When a new row is added to a full index page, the Database Engine moves approximately half the rows to a new page to make room for the new row. This reorganization is known as a page split. A page split makes room for new records, but can take time to perform and is a resource intensive operation. Also, it can cause fragmentation that causes increased I/O operations.

Given that, how can a SELECT statement be responsible for page splits?

Well, I suppose we could SELECT from a function that adds rows to a table variable as part of its internal implementation, but that would clearly be cheating, and no fun at all from a blogging point of view.

Tables and Sample Data

To demonstrate the effects I want to talk about today, I’m going to use a couple of tables with data copied from the sales data in the AdventureWorks sample database.

There’s a full script at the end of this post for those of you that like to run these things for yourselves, but the data generally looks like this: (header table on the left; detail table on the right):

header and detail table sample data

Both tables have a clustered index on the SalesOrderID column.

Test query

The query I’m going to run is shown below, along with its execution plan:

Test query and execution plan

To prevent the optimizer choosing a hash or merge inner join plan (both of which require an equality predicate), I have expressed the join predicate as (X >= Y) AND (X <= Y) instead of the more natural (X = Y).

The + 0 in the join predicates is there to prevent the optimizer from using an indexed nested loop join (that is, using correlated seek on the inner side of the join).

These tricks are necessary to generate a plan with an Eager Index Spool on this small sample data set.

Checking for Splits

There are several ways to check for page splits while this query is running.

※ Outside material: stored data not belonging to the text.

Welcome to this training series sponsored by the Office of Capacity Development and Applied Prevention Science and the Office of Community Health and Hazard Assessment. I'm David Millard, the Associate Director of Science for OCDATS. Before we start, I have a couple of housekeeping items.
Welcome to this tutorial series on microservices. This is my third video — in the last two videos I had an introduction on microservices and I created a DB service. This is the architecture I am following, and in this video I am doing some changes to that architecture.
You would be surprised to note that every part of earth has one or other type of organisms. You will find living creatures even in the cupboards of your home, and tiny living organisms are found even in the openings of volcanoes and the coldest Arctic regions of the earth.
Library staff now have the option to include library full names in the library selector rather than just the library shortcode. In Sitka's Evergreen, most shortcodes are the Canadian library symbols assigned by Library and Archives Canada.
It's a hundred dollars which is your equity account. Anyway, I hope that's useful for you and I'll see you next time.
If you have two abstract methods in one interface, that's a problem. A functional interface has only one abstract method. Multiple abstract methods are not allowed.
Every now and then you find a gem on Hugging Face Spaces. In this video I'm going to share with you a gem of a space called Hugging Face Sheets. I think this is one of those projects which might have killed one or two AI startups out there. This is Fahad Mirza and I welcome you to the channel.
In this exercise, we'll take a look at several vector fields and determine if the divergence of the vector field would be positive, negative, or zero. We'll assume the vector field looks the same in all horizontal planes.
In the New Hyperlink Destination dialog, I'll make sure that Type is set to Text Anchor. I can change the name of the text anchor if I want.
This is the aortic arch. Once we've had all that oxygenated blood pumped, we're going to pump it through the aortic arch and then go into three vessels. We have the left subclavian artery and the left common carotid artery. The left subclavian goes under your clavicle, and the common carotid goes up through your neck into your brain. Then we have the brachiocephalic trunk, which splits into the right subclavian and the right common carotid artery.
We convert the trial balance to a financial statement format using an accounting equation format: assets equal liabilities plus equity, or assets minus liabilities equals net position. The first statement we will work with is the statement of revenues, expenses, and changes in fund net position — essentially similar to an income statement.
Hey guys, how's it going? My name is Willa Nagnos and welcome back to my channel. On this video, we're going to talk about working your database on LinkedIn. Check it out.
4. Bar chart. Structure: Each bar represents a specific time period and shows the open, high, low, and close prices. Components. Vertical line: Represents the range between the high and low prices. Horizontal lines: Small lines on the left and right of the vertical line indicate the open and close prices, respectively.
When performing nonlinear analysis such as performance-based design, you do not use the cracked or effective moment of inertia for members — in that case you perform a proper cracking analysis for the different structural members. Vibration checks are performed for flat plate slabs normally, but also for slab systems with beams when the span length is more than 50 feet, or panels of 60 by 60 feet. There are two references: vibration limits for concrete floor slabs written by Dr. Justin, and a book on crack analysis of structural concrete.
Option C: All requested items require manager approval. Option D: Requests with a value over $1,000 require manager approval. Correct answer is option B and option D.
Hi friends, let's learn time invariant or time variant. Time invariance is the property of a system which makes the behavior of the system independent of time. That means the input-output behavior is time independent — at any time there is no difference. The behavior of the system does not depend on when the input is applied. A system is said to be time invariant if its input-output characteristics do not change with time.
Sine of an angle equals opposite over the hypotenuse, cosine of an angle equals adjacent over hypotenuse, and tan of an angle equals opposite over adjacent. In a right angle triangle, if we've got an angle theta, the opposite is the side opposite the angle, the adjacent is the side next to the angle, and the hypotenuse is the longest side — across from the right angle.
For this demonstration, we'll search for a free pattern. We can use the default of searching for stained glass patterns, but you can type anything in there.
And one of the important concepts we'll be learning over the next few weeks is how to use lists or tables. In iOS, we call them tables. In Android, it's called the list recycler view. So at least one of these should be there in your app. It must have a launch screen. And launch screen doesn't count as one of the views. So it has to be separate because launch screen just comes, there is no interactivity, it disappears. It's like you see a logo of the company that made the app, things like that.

I used the extended events UI that was new for SQL Server 2012.

Running the query above and looking for page splits via extended events, I get output like this:

Page splits

These page splits are all caused by the Eager Index Spool in the query plan. This iterator adds data rows to an internal worktable that has a temporary b-tree index.

Like any index insert operation, ‘page splits’ will naturally occur.

In fact this is a bit of a cheat, because these page splits aren’t the bad type of page splits at all. Notice the sequential nature of the pages being ‘split’ (the page_id column), and its relationship with the new page. This type of page split is benign— we’re just adding new pages to the end of the index.

Index Spool Internals

Having shown page splits that arguably aren’t really page splits, let’s get to demonstrating an index spool that ‘really does’ split pages, with all the expected overheads as described in the documentation extract at the top of this post.

To do that, we need to know something about the way index spools work. You have probably noticed that most query plans that build permanent indexes involve a Sort operator, which in turn requires a memory grant.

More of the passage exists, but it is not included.